Object 2 : Diego Velázquez’s painting The Rokeby Venus
This painting was created by Diego Velazquez between 1647-1651 and now displayed at The National Gallery. It’s the first nude oil painting from the back of a woman figure in history and therefore a significant part of the art history.
This painting is hence included in this exhibition as an example emphasizing how a historical painting led to controversies back then along with more recent controversies as it was slashed by a female activist whilst on display at the national gallery almost 300 years after Velazquez painted it. This indicates the similarities of the perception of art between 17th century and 21st century. This illustrates the subjective nature of art as a communicator of knowledge and how that may lead to further challenges surfacing because of the different ways it was received by the public at different points in history.
I have also included this painting in this exhibition because it emphasizes the challenges raised from the view of ‘beauty’ raised from a female activist. It is debatable up to this day as some people still view this art piece as a “paradigm of female beauty”1, and some simply view it as a work of art. This accentuates that through the communication of Velazquez’s painting beauty can be seen through different angles.

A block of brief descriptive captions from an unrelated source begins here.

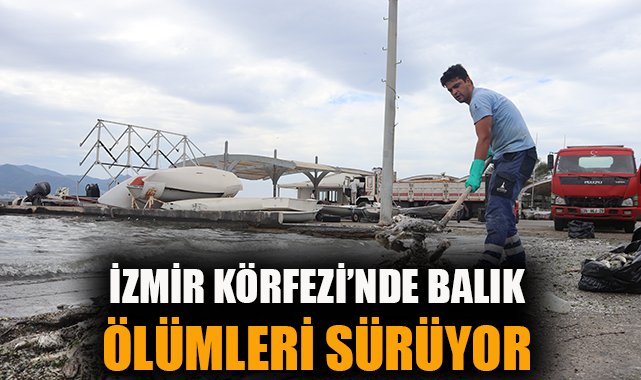 İzmir’de Ölü Balık Krizi: Kıyıya Vuran Tehlike!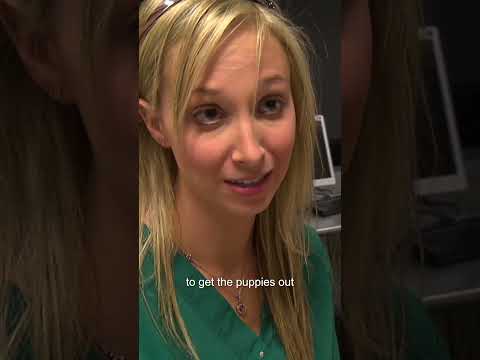 Beagle’s Heartbreaking Birth ?| Bondi Vet #shorts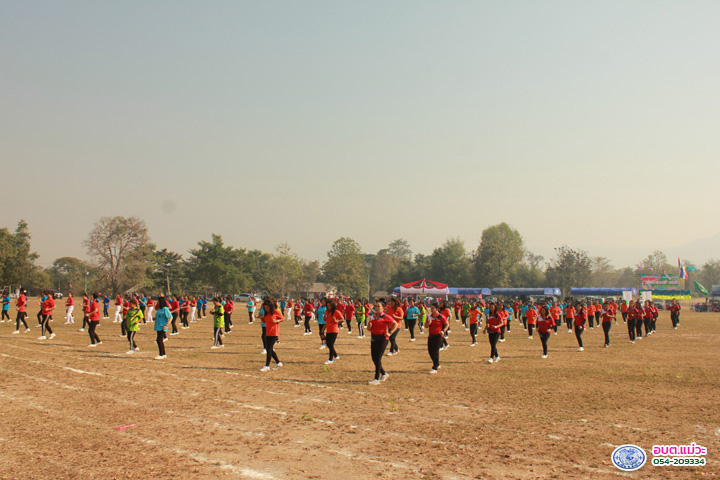 IMG_8884.jpg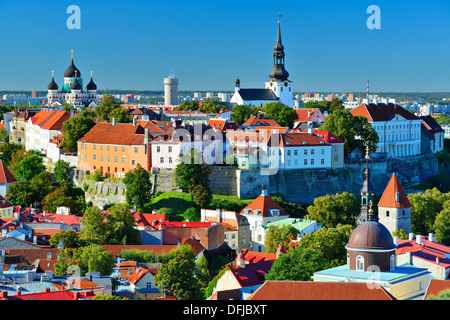 Skyline von Tallinn, Estland in der Altstadt. Stockfoto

Object 3: The Rolling Stones’ song Brown Sugar
The song Brown Sugar by The Rolling Stones was released in 1991 as part of their album ‘Sticky Fingers’. It is seen to use sexist and offensive language toward black women. This is also evident through the original title of the song which was ‘Black Pussy’, apart from the title that changed, the references to drugs, the misogyny, the racism and the sexism remained which then led people to call it a nasty and racist song.
This song makes us think whether it is acceptable for some songs to be racist or offensive just because it was written in a short amount of time, which was The Rolling Stones’ justification. I do believe that when touching on a sensitive topic the lyrics of the piece should be censored. In 1995 Mick Jagger, the lead singer admitted that his lyrics may have gone a bit too far, “I never would write that song now. I would probably censor myself… I can’t just write raw like that”. Thus, this song shows that there may be challenges when knowledge is communicated through song lyrics, as debate may arise on whether censorship should be encouraged for the protection of people or if this infringes free speech and limits the liberation and communication of people’s thoughts.
The song adds depth to the exhibition as it highlights or questions the significance of song writing as a medium of communication. It questions whether song lyrics may be seen as non- offensive if the purpose of communication is purely to entertain and the audience enjoys the melody and the music – detaching the song from its meaning, or if the explicit meaning of the words should be inherently perceived as offensive regardless of its musical purpose.